7月25日に発表されたVRCのベータ版アップデート内容。主にセキュリティーアップデートと謳い、ApexやFortnite等でおなじみの対チート対策システムEasyAntiCheatの導入が発表されました。

公式バグ報告システムCannyのEAC関連の苦情

発表直後からTwitterやVRCDiscord並びにバグ報告用システムCannyが大荒れ。トレンド入りしたりEAC導入反対のCannyが一万票を超えたりと騒がしい一日となりました。

一体なぜここまで荒れたのか?
それには色んな理由があるのでざっくりまとめてここに置いておきます。

簡易目次:

①MODとは、その仕組み
②海外層のプレイ形態
③炎上の理由1:QOL、プレイ環境のクオリティーの低下
④炎上の理由2:障がい者コミュニティーへの配慮が足りない
⑤炎上の理由3:悪質なユーザーへの対策にならない
⑥EAC自体の問題点
⑦あとがき

前置き:
ちなみに著者はMod使用経験は無いですが海外層と遊ぶことが多く、利用している友人が過半数なのでそこから情報を集めて記事にしております。なのでModに関して具体的な内容はある程度ふわふわしているのはお許しいただけると助かります。そのことを踏まえて読んでいただけると助かります。


①MODとは、その仕組み

Mod、人によってはClientと呼ばれる代物はVRChatをベースにした別のソフトウェアです。色んな拡張機能を足すと言う利点がある反面、使用する行為は思いっきり利用規約違反である。

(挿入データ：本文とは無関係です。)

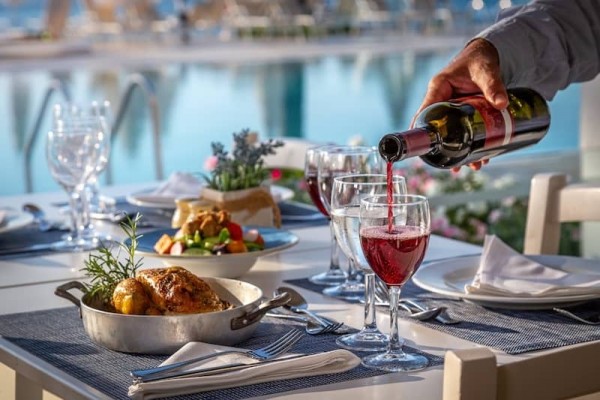 f&b là gì?  Các chức vụ và vị trí công việc trong bộ phận F&B bạn cần biết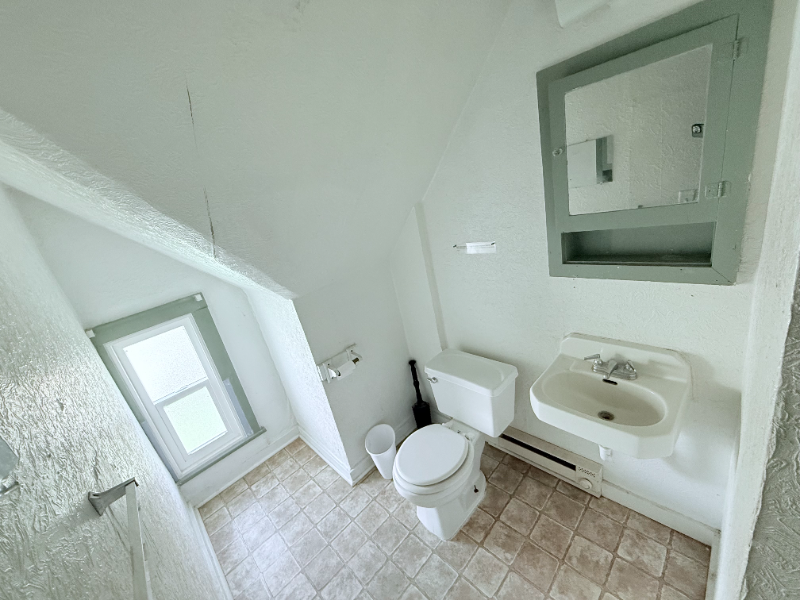 122 4th St #122 - Photo 7 of 10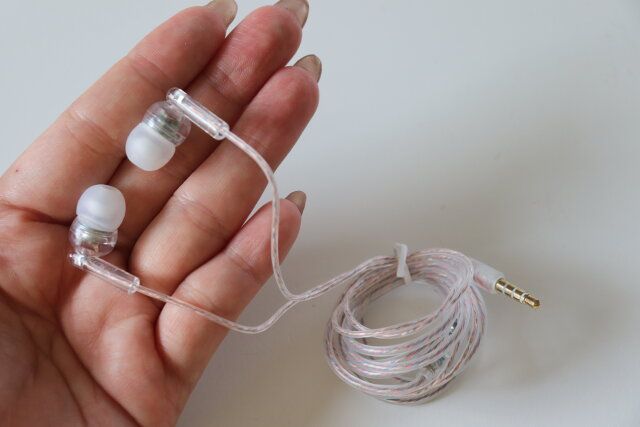 ダイソーのリモコンマイク付ステレオイヤホン（クリア）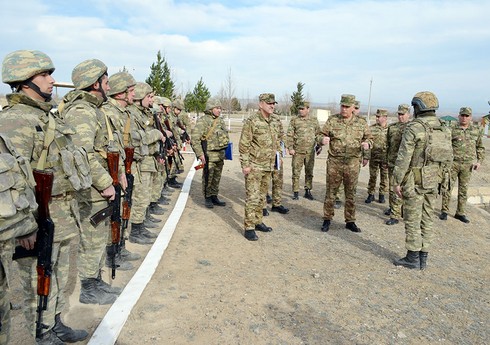 Начальник Генштаба армии Азербайджана побывал в воинских частях в Карабахе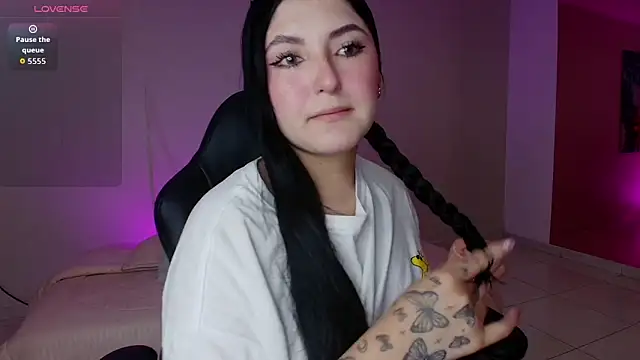 Snapshot of Celestee69 chatting on November 15, 2025, 7:51 pm Celestee69 online show from November 15, 2025, 7:51 pm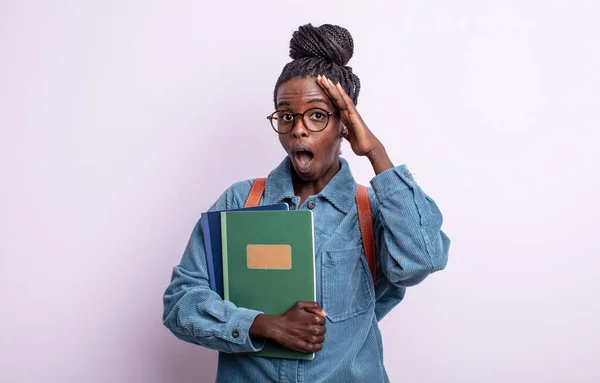 Hübsche Schwarze Frau Die Glücklich Erstaunt Und Überrascht Aussieht Student — Stockfoto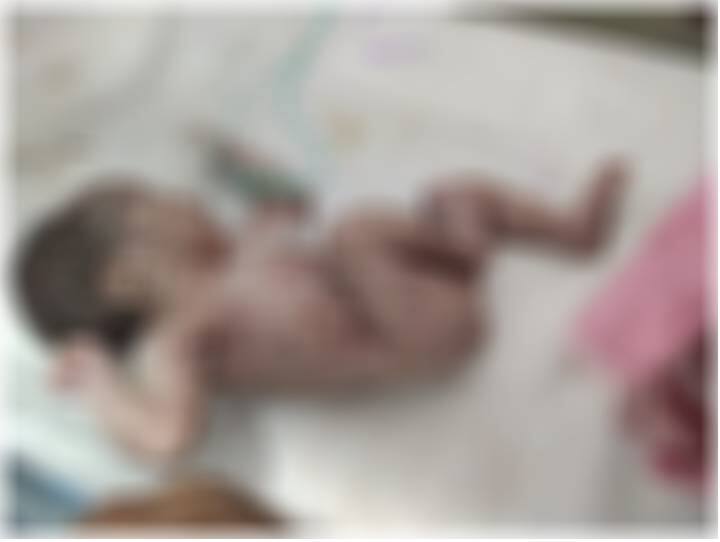 MP News: फिर शर्मशार हुई ममता, मां ने कड़कती ठंड में नवजात बच्ची को कूड़े के ढेर में फेंका Madhya Pradesh Mother throws newborn baby in a garbage dump ann MP News: फिर शर्मशार हुई ममता, मां ने कड़कती ठंड में नवजात बच्ची को कूड़े के ढेर में फेंका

利用規約違反をしてまで使用するmod、その内容とは?

多くの方はmodを想像するときに違法クライアントの悪い機能、いわゆるリッピングや強制クローンやクラッシャーを思い浮かべるのでは無いでしょうか?

実際そういう機能入りの悪質なクライアントもありますが、それ以外の機能を持ったいわゆる「ホワイトクライアント」のようなものもあります。

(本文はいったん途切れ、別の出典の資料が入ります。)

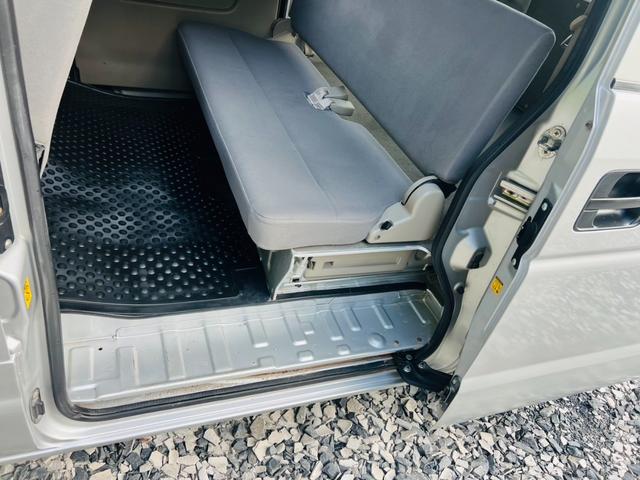 スクラム ＰＣ　４ＷＤ　オートマ　ターボ　ナビ　エアコン　パワステ　パワーウィンドウ　ナビ　両側スライドドア　運転席助手席エアバック　ドアバイザー（17枚目）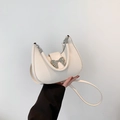 Schicke weiße Hobo-Tasche mit silberner Schleife und verstellbarem Schultergurt für Damen - Gebrochenes Weiß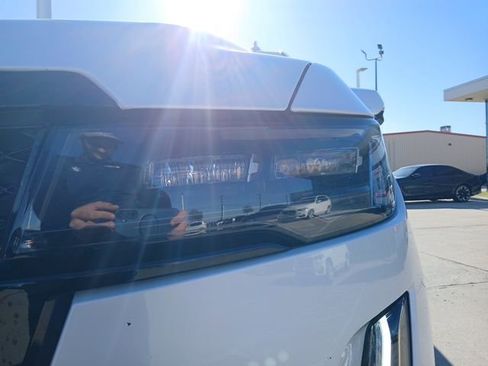 Used 2021 Cadillac Escalade Sport image 4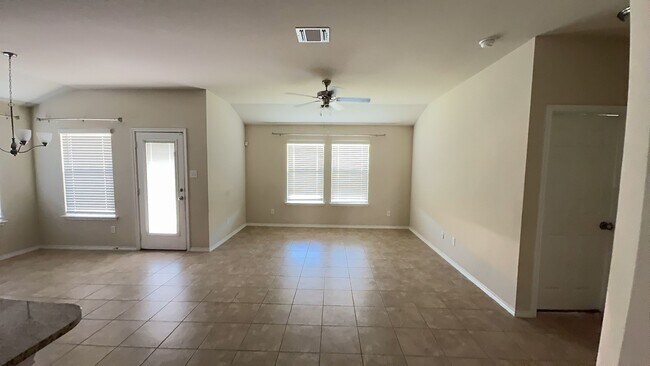 Building Photo - 4 bedroom 2 bathroom house! HOUSING ACCEPTED!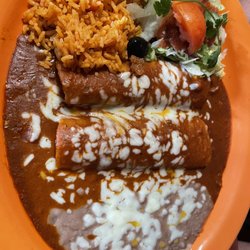 Casa Lupe Los Altos  - Enchilada rancheros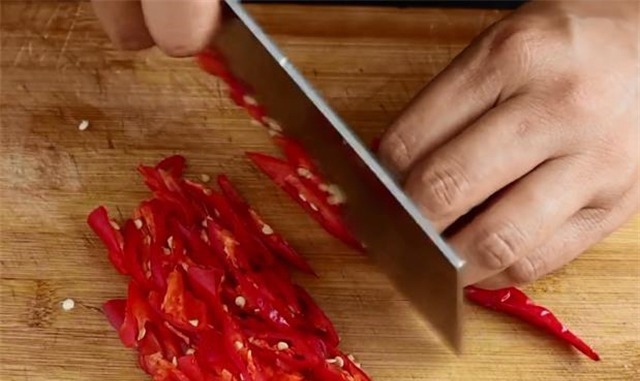 炒面很多人都做错了，大厨教你炒面的正确做法，不粘不坨，太香了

例として私の周りでよく使われていたModを紹介します。
セルフミラー
多分ぶっちぎりで一番使ってた人が多い機能。ワールド内ミラーが無い、またはミラーの箇所が不便な場所にある場合、ローカルでミラーをスポーンする機能の事。
フレンドRSSフィード
フレンドがオンラインになったり、パブリックやフレ+に移動した際にRSSフィードのように更新されるリストの表示。または現在いるワールドに人がJoin、またはLeaveした場合通知が画面上に表示される機能
軽量化オプション
ワールドミラーの強制軽量化(ローカル)や椅子を強制解除、オブジェクトを強制非表示などと言った軽量化オプションを含んだ機能
テレポート・飛行等
大きなワールドに入った際、フレンドが見つからない!等と言った場合、任意のプレイヤーの元へと飛ぶ機能。この辺は使用状況によってはまぁまぁグレー
手話拡張機能
これは特定のコミュニティーで多く使われるmodですが、簡単に言えばハンドジェスチャーを増やす機能です(通常は7つまで)。詳しくは後程触れます。

mod利用者の画面(YouTubeより拝借)

全貌が気になる方は実際に上記の画像のmodのHPにて全貌を確認することが出来ます。
(VRCが公式に連絡を取っていたと言ういわゆる「ホワイトよりのmod」のHPですが、公式が「ブラックリストしていない」だけであり「利用を容認」しているわけではないのでご利用やHPを閲覧の際はその点をご留意ください)

2021年のmodBAN

実はこの炎上、2回目なんです。

mod制作者が突如BANを喰らう
2021年の春頃に前触れ無くVRC側からmod制作者に制作を放棄しレポジトリーを削除するように警告が送られ、製作者に紐付けられたアカウントを総banしました。
直後、コミュニティーからのバッシングを受け「良質」なmod制作者にコンタクトを取ったりBANを取り消したりしました。
その後、一部悪質クライアント利用者がBANされたと言う話があったり、良質mod制作者とVRC開発陣がコミュニケーションをとり協力体制にある姿が見られました。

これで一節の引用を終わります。